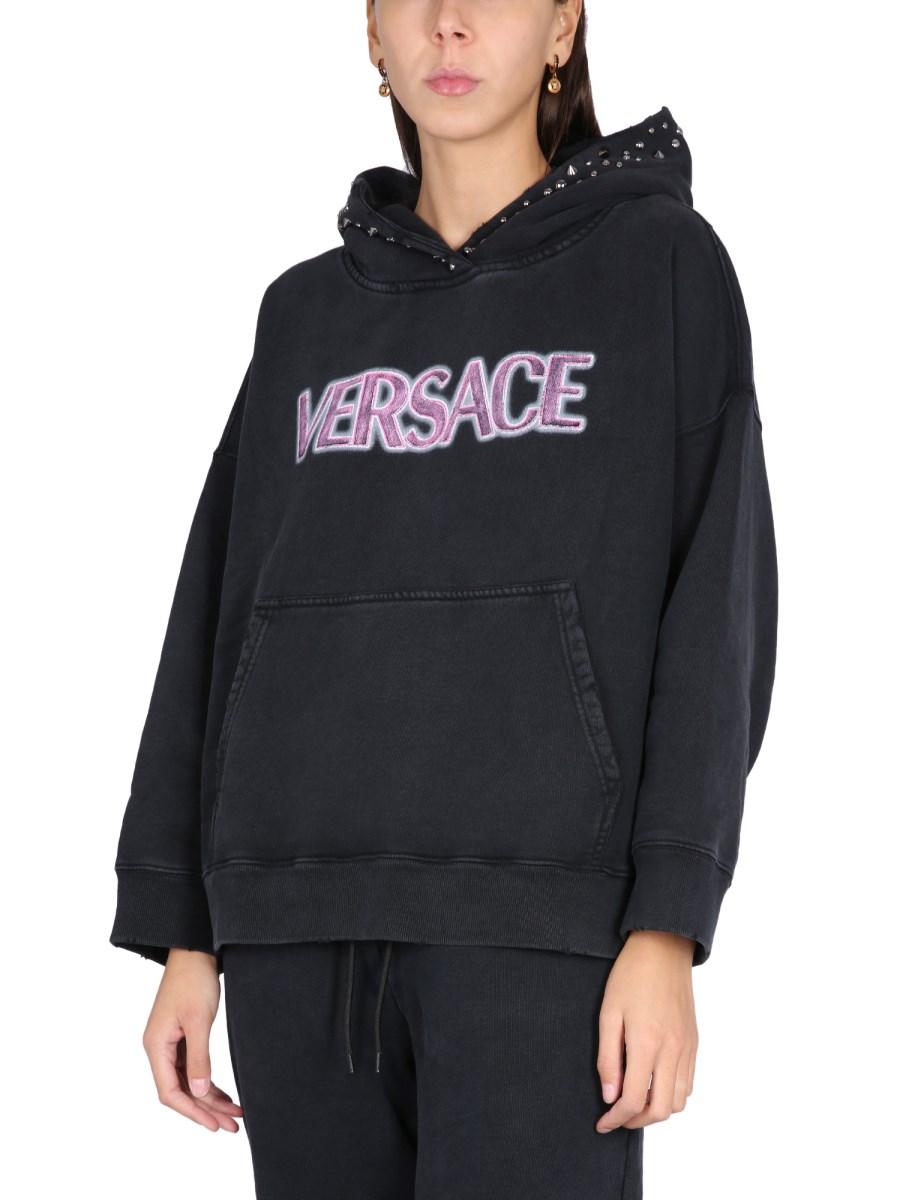 VERSACE FELPA IN COTONE CON BORCHIE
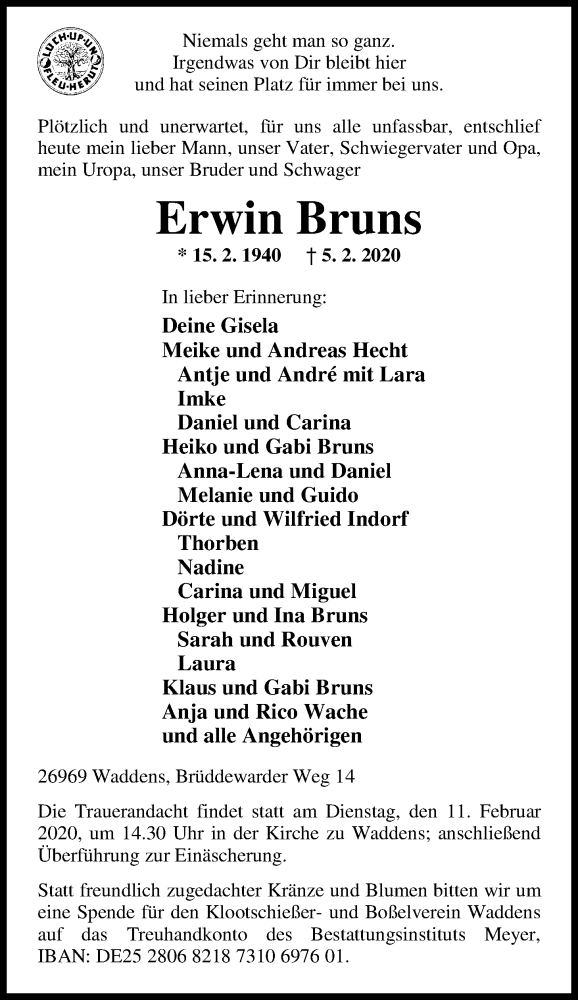  Traueranzeige für Erwin Bruns vom 08.02.2020 aus Nordwest-Zeitung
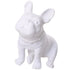 White ceramic French bulldog figurine with collar, modern dog statue decor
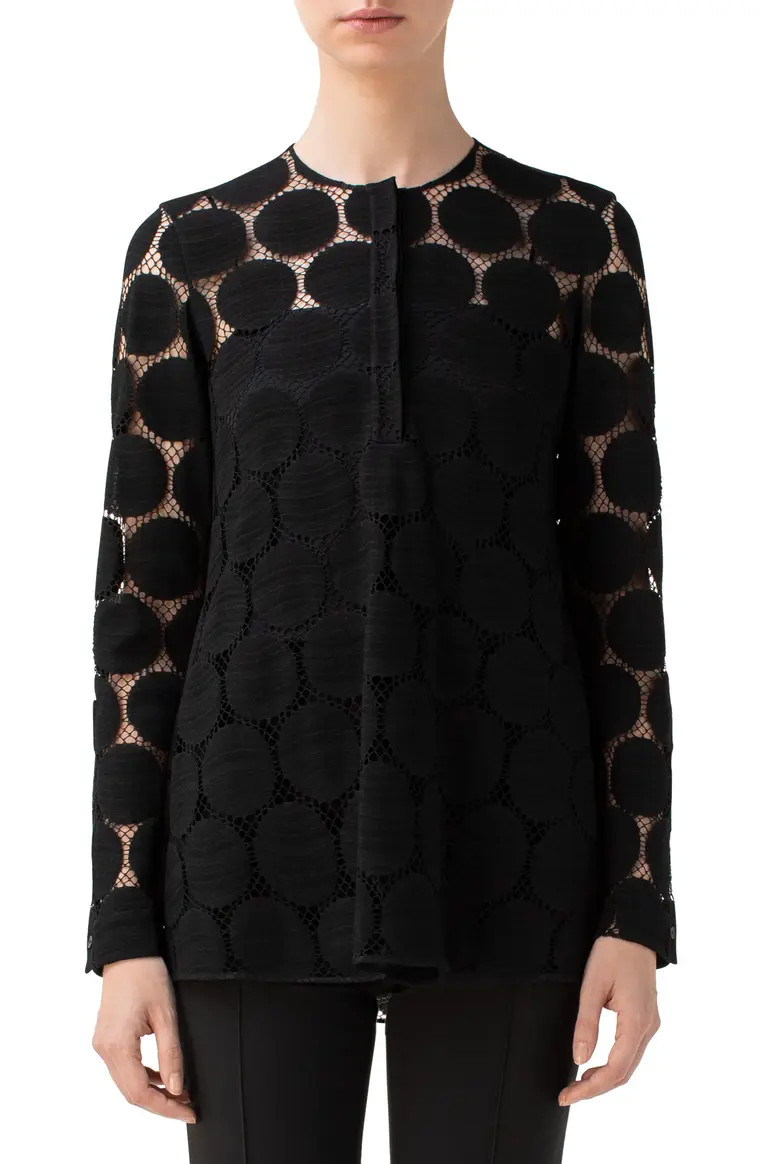 Dot Lace High/Low Shirt | Nordstrom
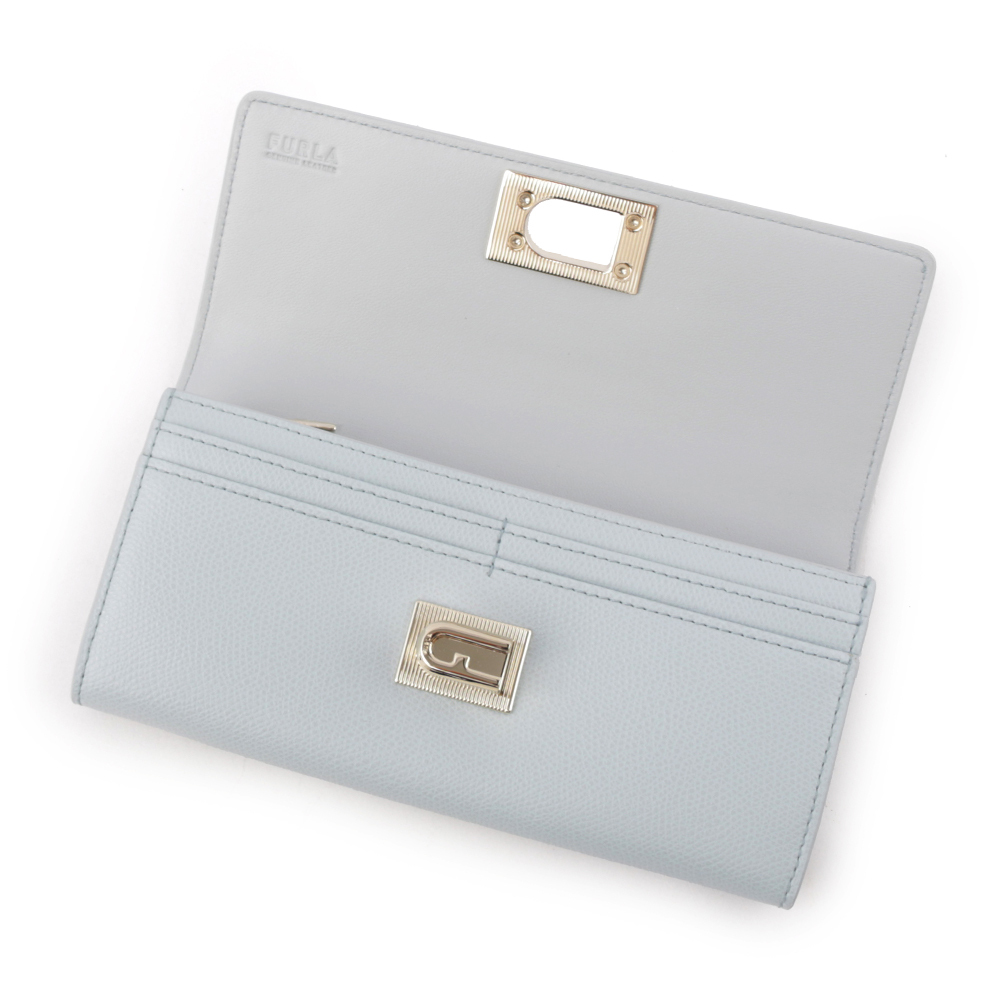 【FURLA】1927 系列轉釦翻蓋二折長夾(淺藍色) PCV0ACO ARE000 AR300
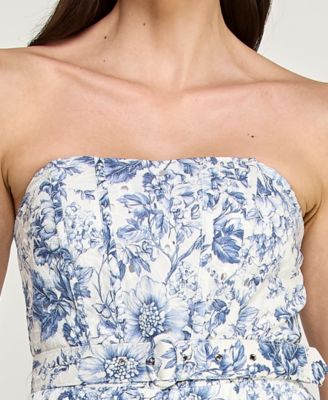 Juniors' Strapless Fit & Flare Midi Dress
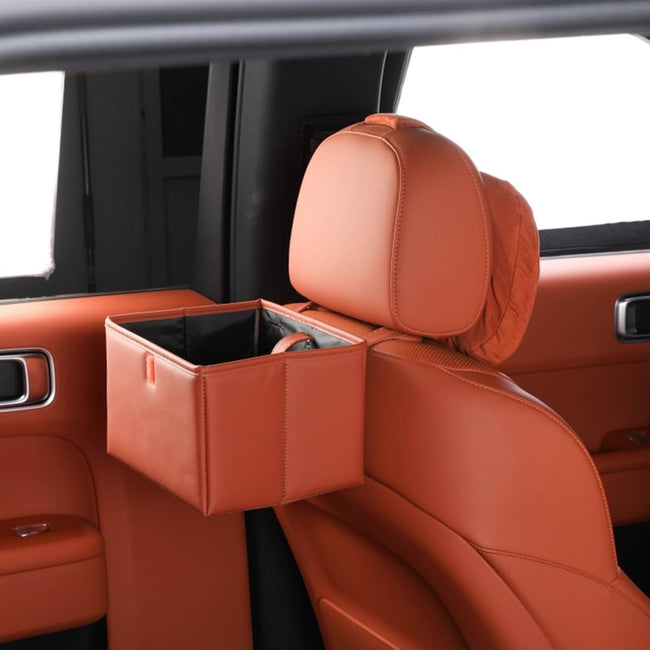 Foldable Car Trash Bin & Organizer Leakproof Waterproof PU Leather Orange. Hover Image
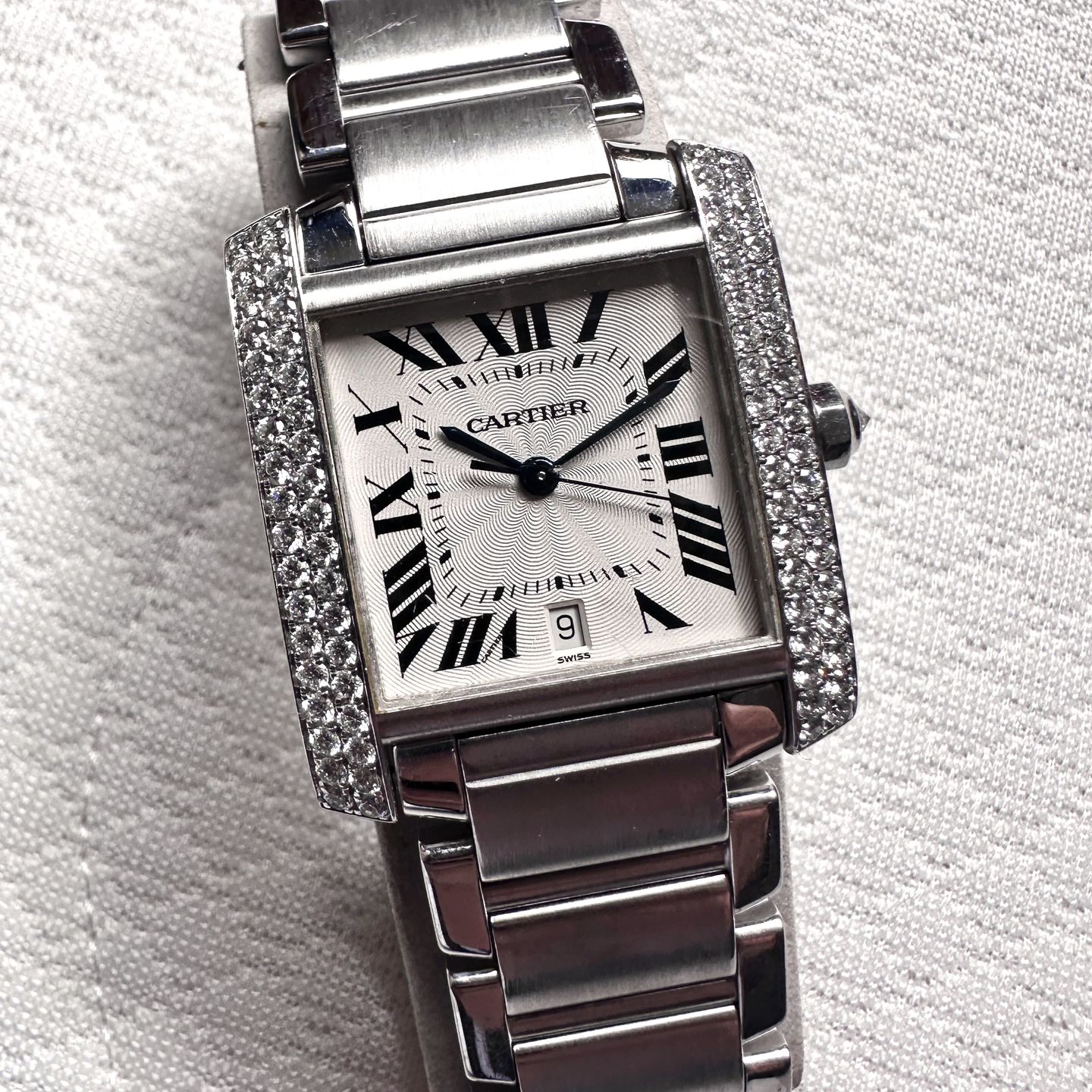 Cartier Tank Française 2366 (2010) - Silver dial 28 mm White Gold case (1/8)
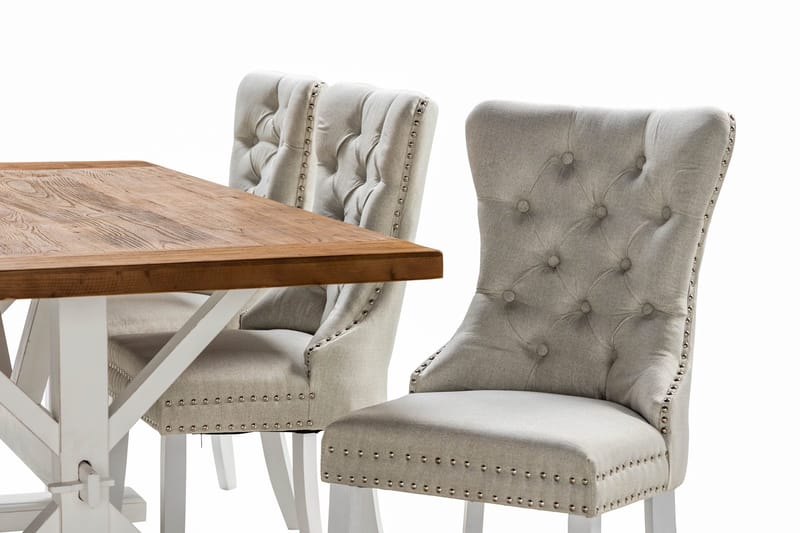 Lyon Förlängningsbar Matgrupp 200 cm inkl 6 Bergviken Stolar - Brun/Vit - Möbler - Matplats - Matgrupp & matbord med stolar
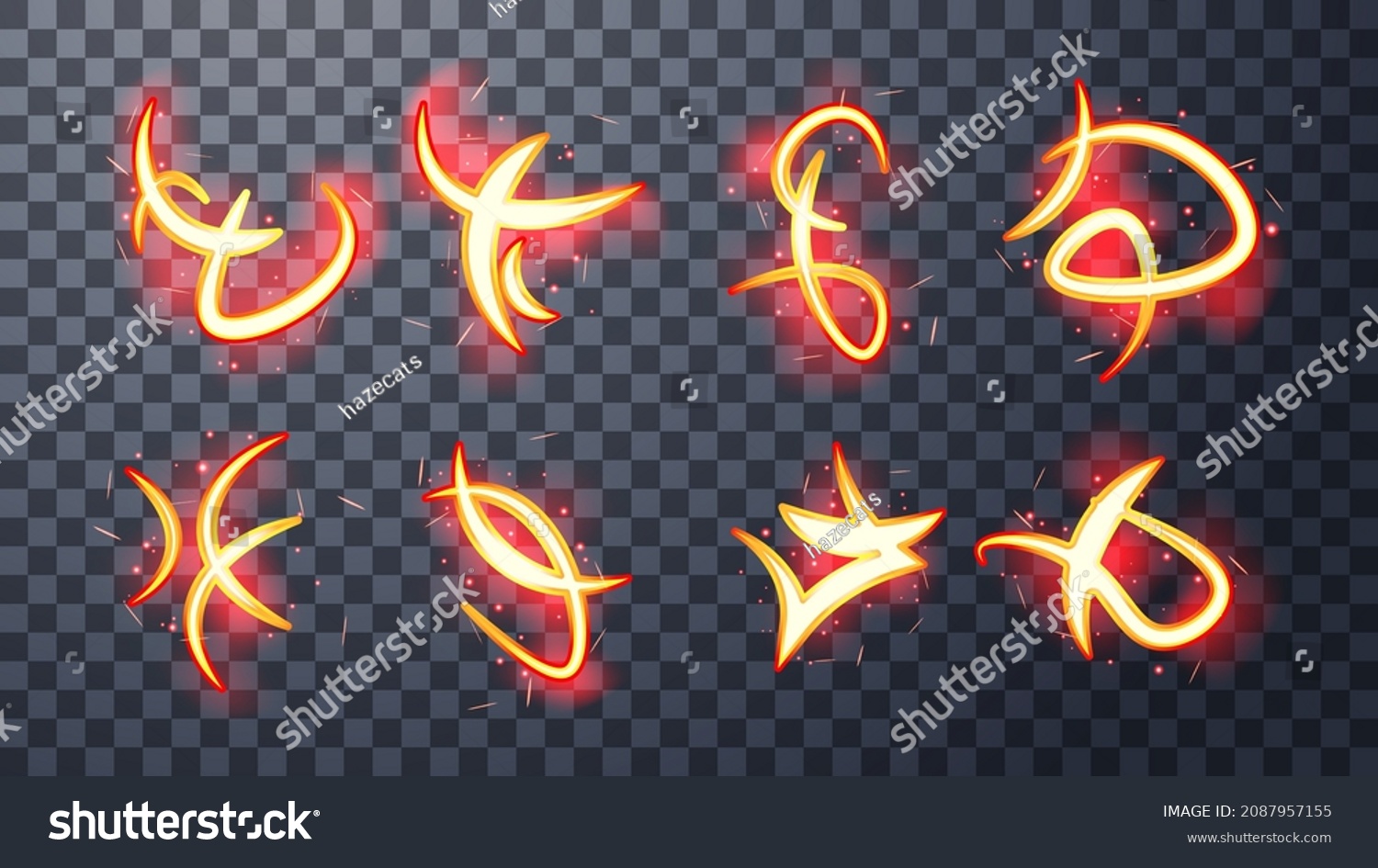 SVG of Modern magic witchcraft symbols. Ethereal fire runes with sparks and strange forms. Decor elements for magic doctor, shaman, medium. Luminous trail effect on transparent background. svg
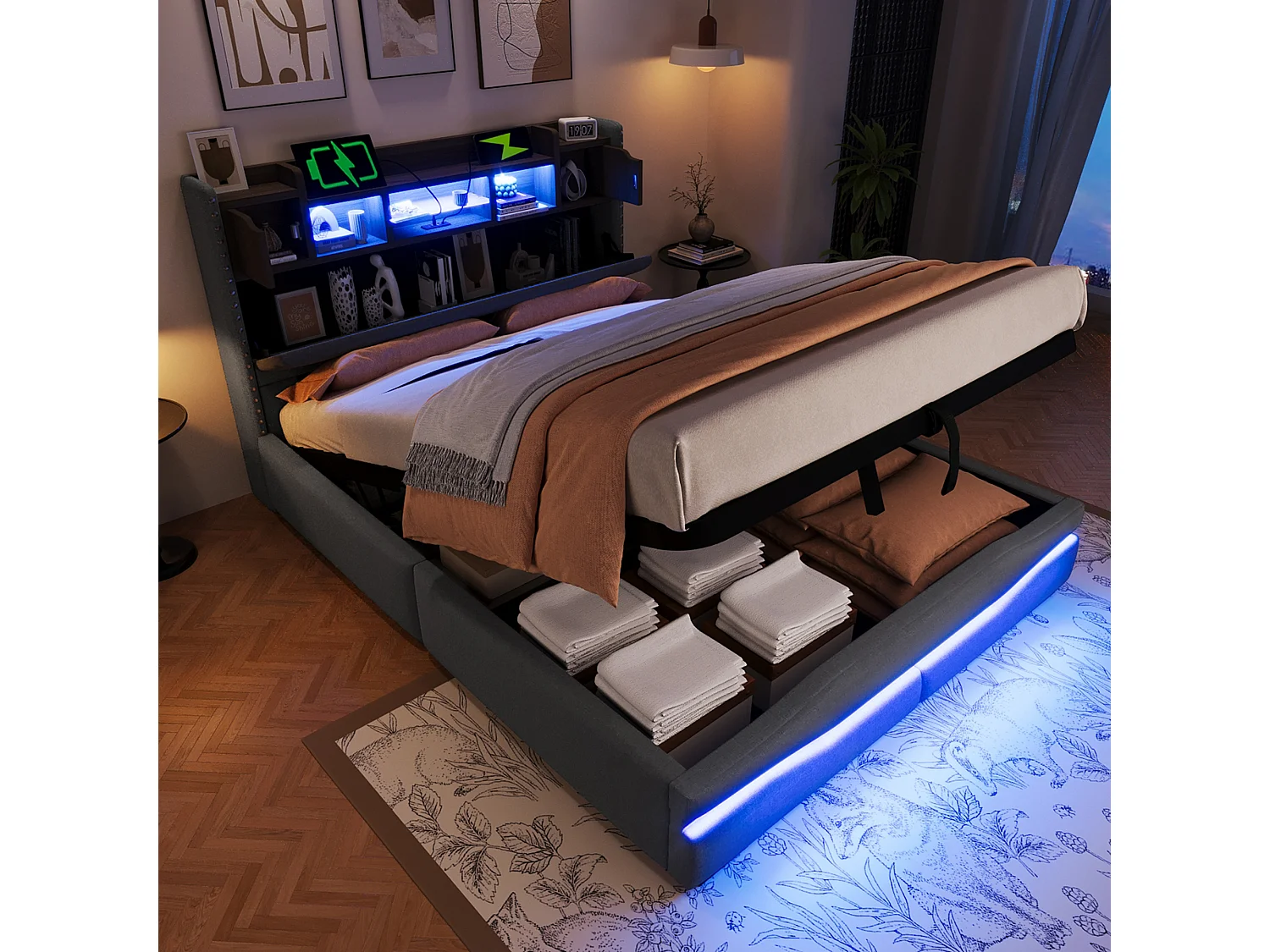 Lit coffre rembourré - 140 x 200cm - avec USB-C + Leds - tête de lit avec rangements - lin + MDF - gris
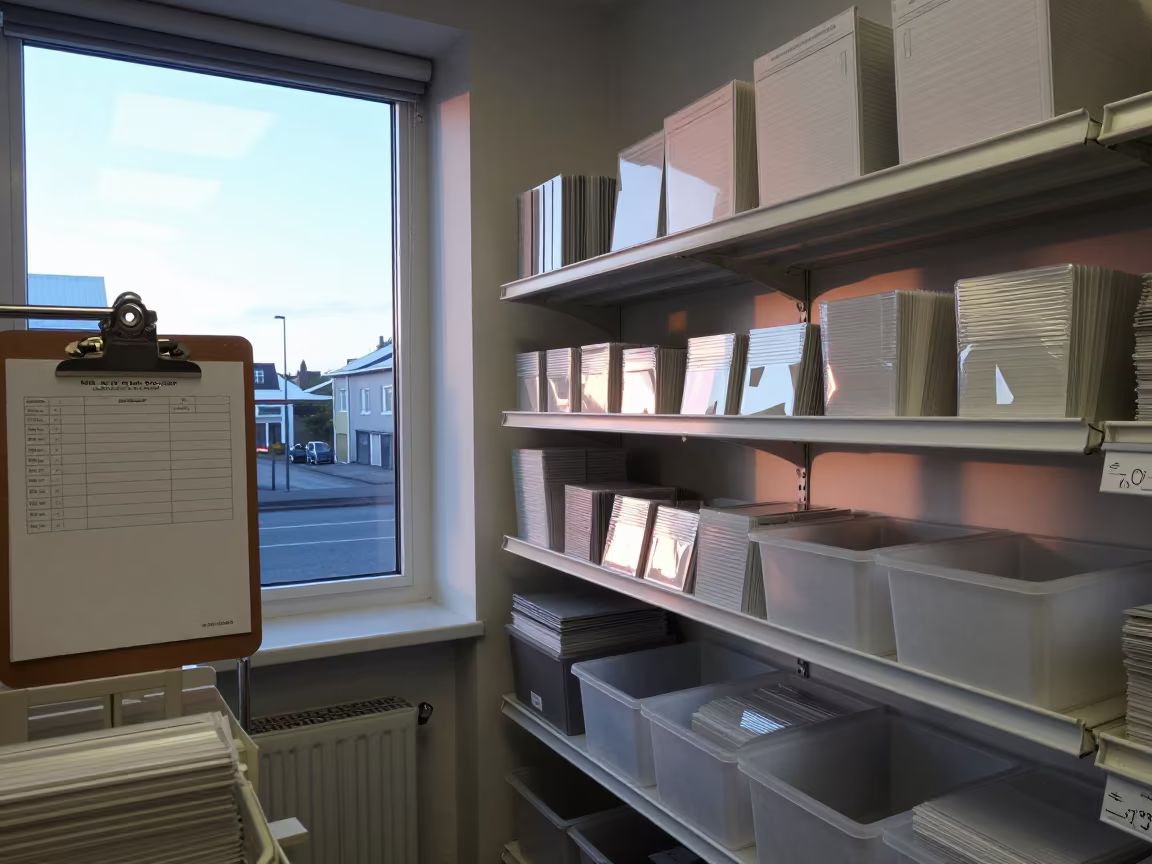 Dawn Audit Clipboard Stockroom Reykjavik in inside a stockroom behind the sales floor in Skolavordustigur, Reykjavik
- - -
> _TASK DETAILS_: Give back exactly the lines from the one containing "Cartier Tank Française" to the final line of the entries, both included, and no picture.

> _REPLY_:
 Cartier Tank Française 2366 (2010) - Silver dial 28 mm White Gold case (1/8)
 Lyon Förlängningsbar Matgrupp 200 cm inkl 6 Bergviken Stolar - Brun/Vit - Möbler - Matplats - Matgrupp & matbord med stolar
 SVG of Modern magic witchcraft symbols. Ethereal fire runes with sparks and strange forms. Decor elements for magic doctor, shaman, medium. Luminous trail effect on transparent background. svg
 Lit coffre rembourré - 140 x 200cm - avec USB-C + Leds - tête de lit avec rangements - lin + MDF - gris
 Dawn Audit Clipboard Stockroom Reykjavik in inside a stockroom behind the sales floor in Skolavordustigur, Reykjavik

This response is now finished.